▸ DIRECTIONS
A copy is needed of each line in the records that has the word "falgunipeacock".

─── EXTRACTED DATA

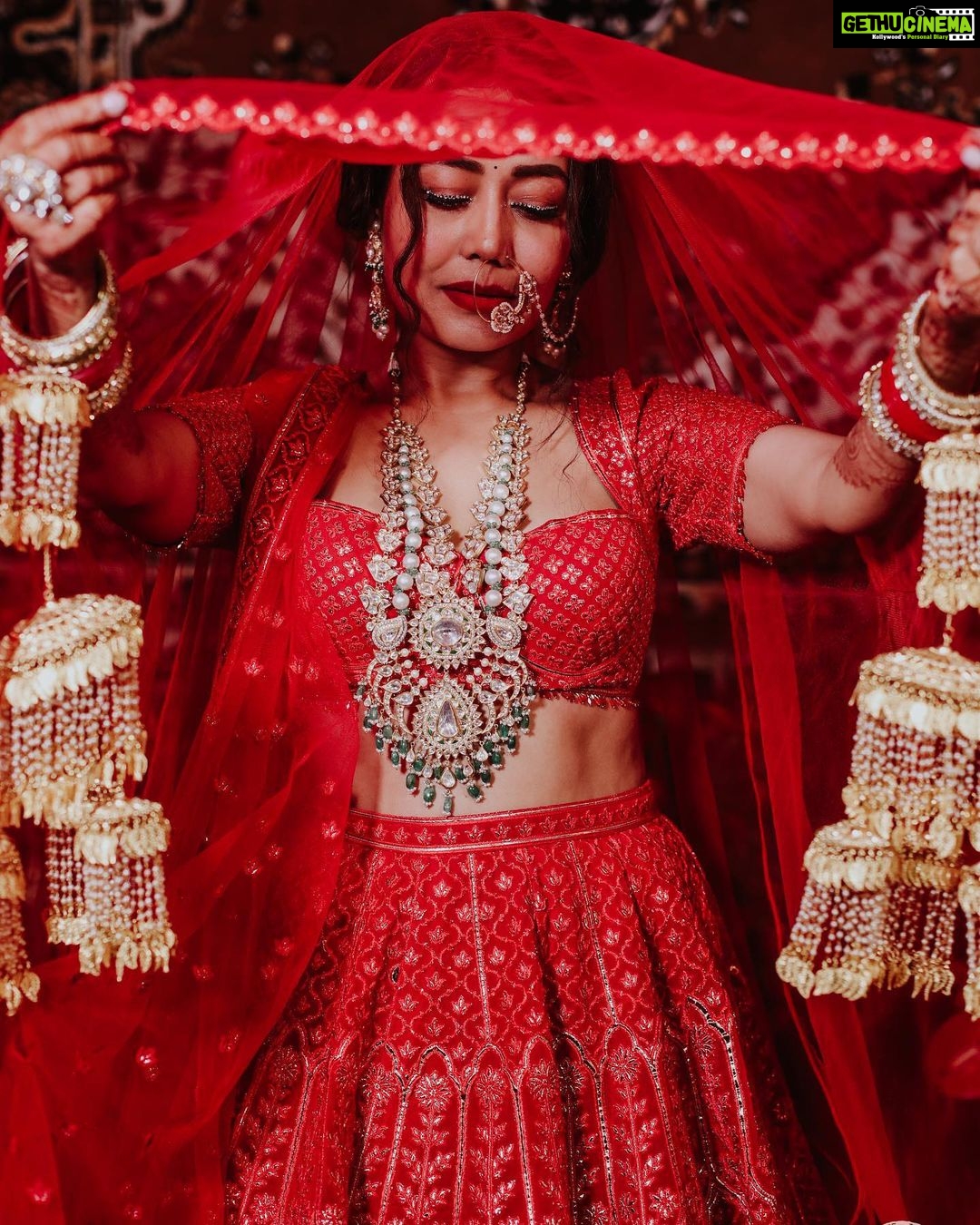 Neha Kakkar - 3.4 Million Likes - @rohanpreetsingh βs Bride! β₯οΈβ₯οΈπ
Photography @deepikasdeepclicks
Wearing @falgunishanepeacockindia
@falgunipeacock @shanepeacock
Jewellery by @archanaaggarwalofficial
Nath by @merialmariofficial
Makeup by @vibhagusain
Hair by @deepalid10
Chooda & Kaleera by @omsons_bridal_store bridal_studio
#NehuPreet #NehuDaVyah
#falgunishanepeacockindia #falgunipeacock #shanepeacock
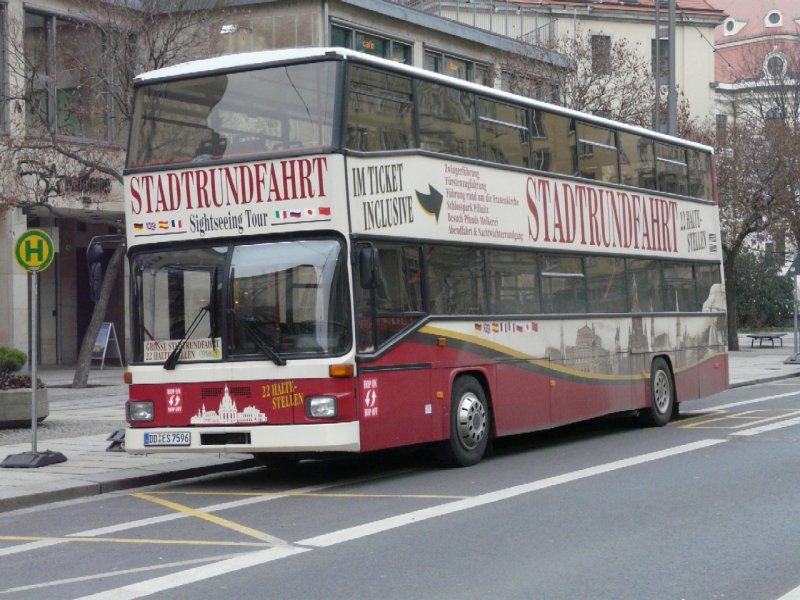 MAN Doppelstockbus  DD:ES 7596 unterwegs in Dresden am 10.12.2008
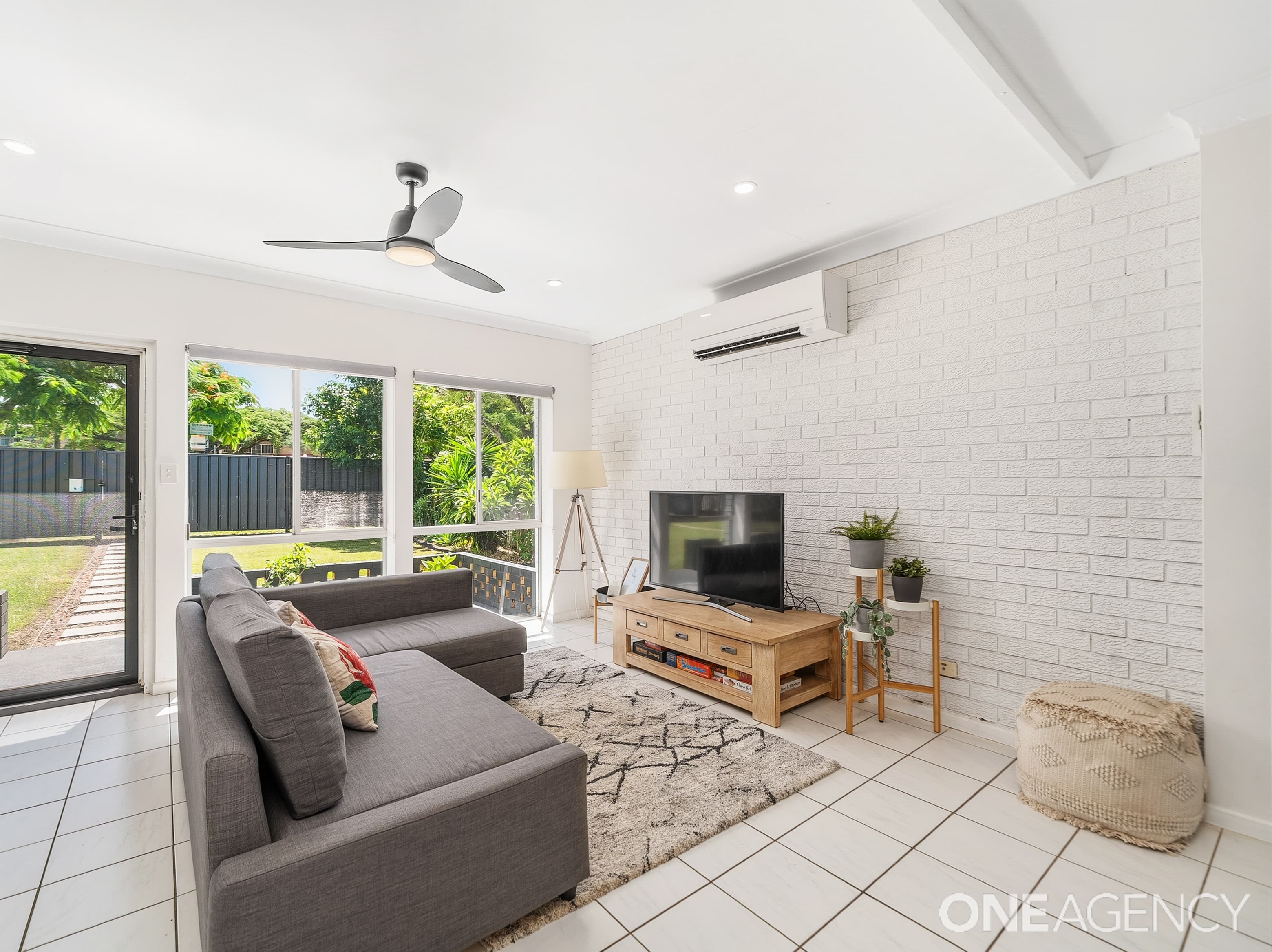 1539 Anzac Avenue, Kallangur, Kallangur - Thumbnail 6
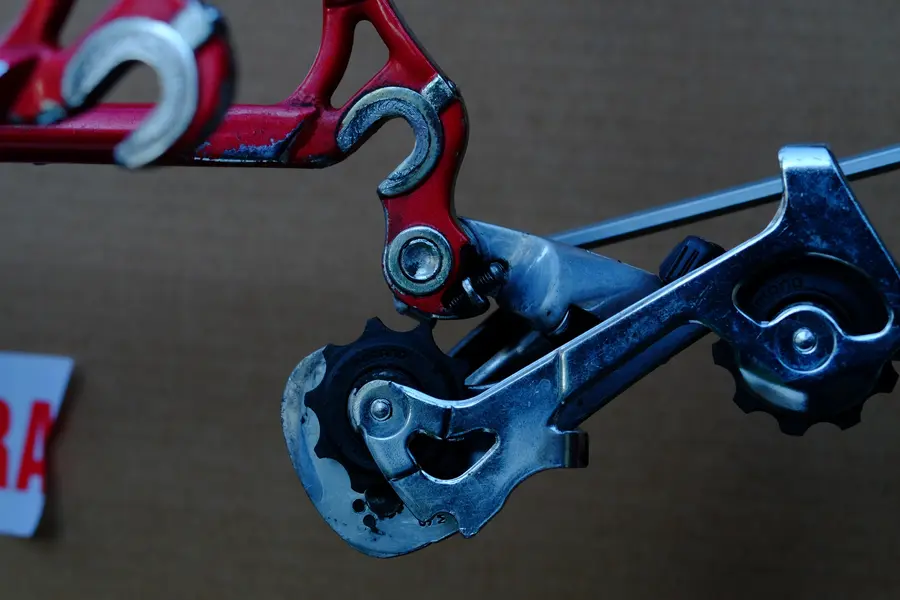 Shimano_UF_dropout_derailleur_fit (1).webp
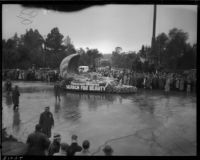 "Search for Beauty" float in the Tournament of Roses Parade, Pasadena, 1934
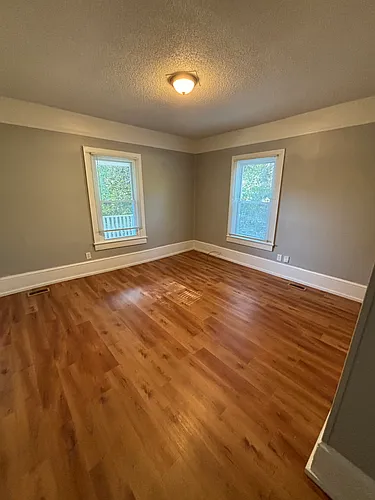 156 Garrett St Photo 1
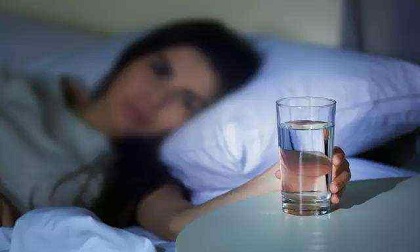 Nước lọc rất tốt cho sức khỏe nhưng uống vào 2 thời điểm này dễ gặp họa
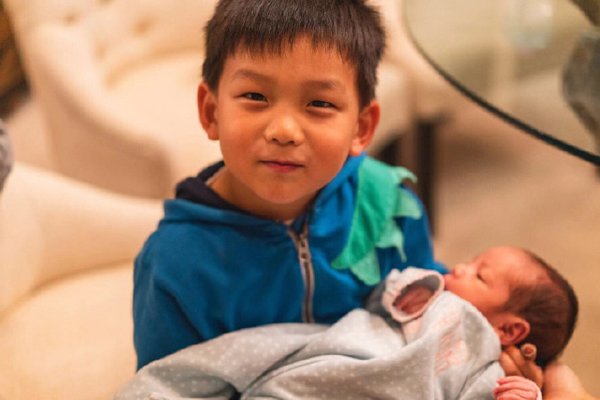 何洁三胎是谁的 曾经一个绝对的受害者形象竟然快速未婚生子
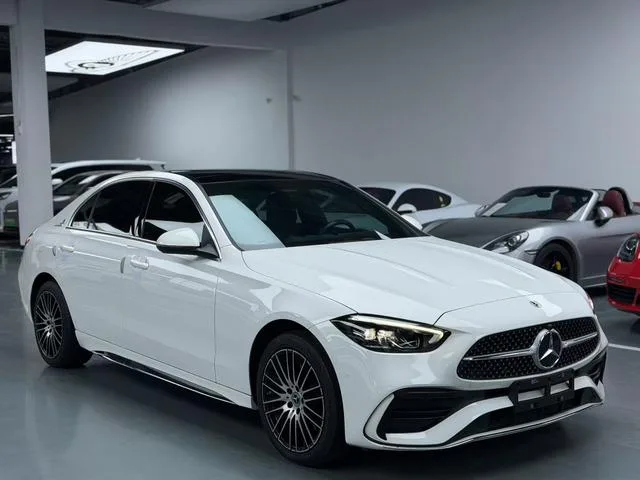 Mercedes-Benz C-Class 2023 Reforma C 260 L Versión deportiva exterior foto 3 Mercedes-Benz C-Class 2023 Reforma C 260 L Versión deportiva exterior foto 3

──────

▸ RESPONSE
@falgunipeacock @shanepeacock
#falgunishanepeacockindia #falgunipeacock #shanepeacock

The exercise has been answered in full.